2.) Initial unemployment claims: these spiked to very uncomfortable levels over the last few weeks, but have since dropped back to just over 400,000. We've heard continually that the increase was caused by one-time, seasonal factors. The latest drop adds some credibility to these thesis, but we're still not out of the woods.

I mention these points, because the latest leading indicators dropped by .3, with the drop caused by lower readings from a majority of the sectors.

Right now the incoming date continues to be mixed; the caution flag is still waving.

2 comments:

Jimdotz said...

In a comment here on March 14th, I wrote:

"Seeing as how I'm usually the one around here to be harping qualitatively on the risk of shocks, let me add this: If the global economy should weather this recent storm of insults successfully, I will finally come to trust in the resilience of the recovery, but I think it'll be three to six months before I come to that conclusion."

Well, it's only been two months so far, and while I'm willing to wait another one to four months before coming to a firm conclusion about "the resilience of the recovery", I have to say that with the latest round of data, I'm starting to lean against it.

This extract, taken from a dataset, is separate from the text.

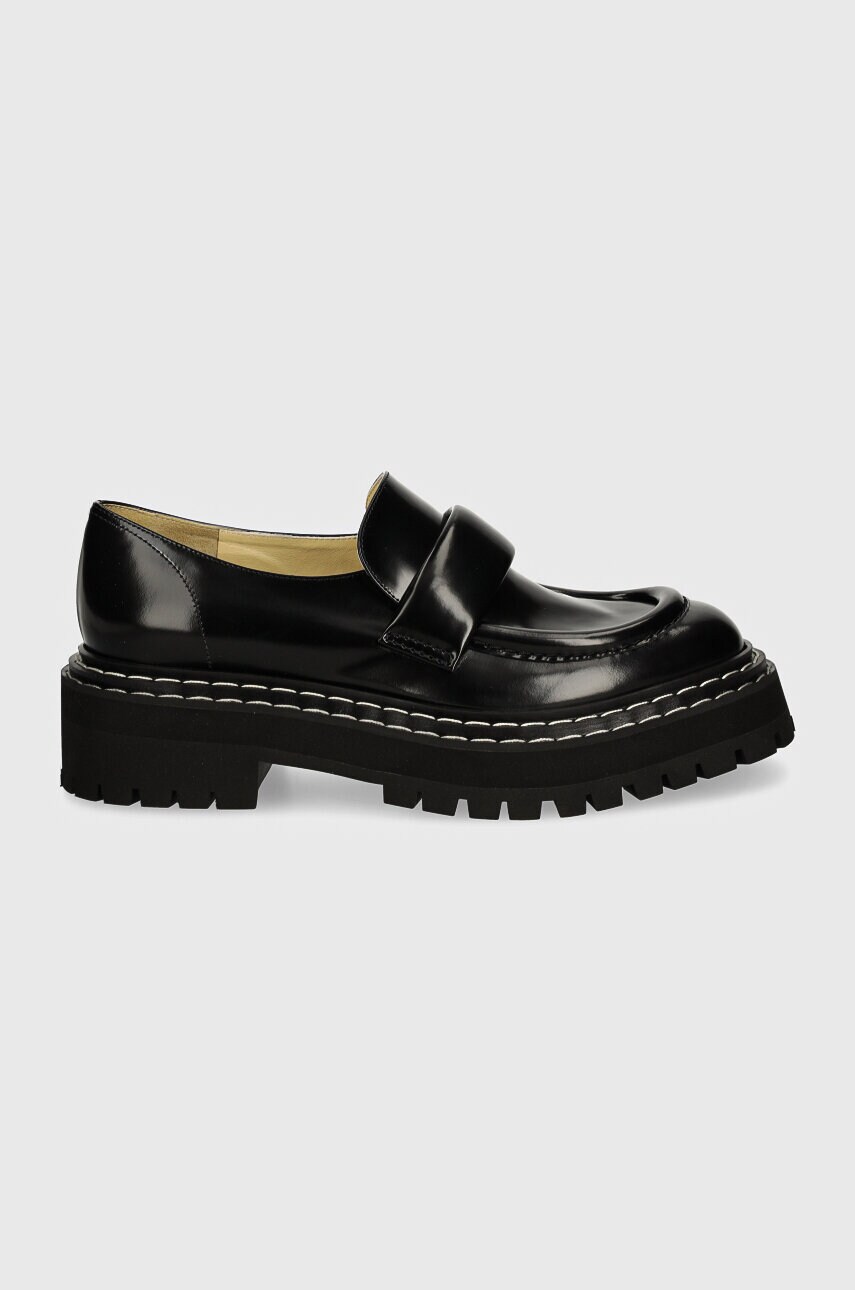 Шкіряні мокасини Proenza Schouler Lug Sole жіночі колір чорний на плоскому ходу PS43101A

P.S. If you haven't seen me around here much in the last month-and-a-half, it's because I've been busy with the chaos of a move from Long Island to beautiful Prescott, Arizona. You may recall me saying that I'd let you know when new hiring was about to pick up because my wife's childcare business would be a leading indicator. Well, let's just say that after two years of trying to survive on expensive Long Island with virtually no new business, we finally had to pack it in and move to less costly environs. We always said we'd retire here to Prescott (highly recommended for that BTW!) so we really just came here a couple of decades early!

Anonymous said...

The "good" news about the weaker manufacturing data is, it does seem to center on supply disruption relating to the Japan earthquake. I say good, because that will likely sort itself out, and the issue isnt something more structural.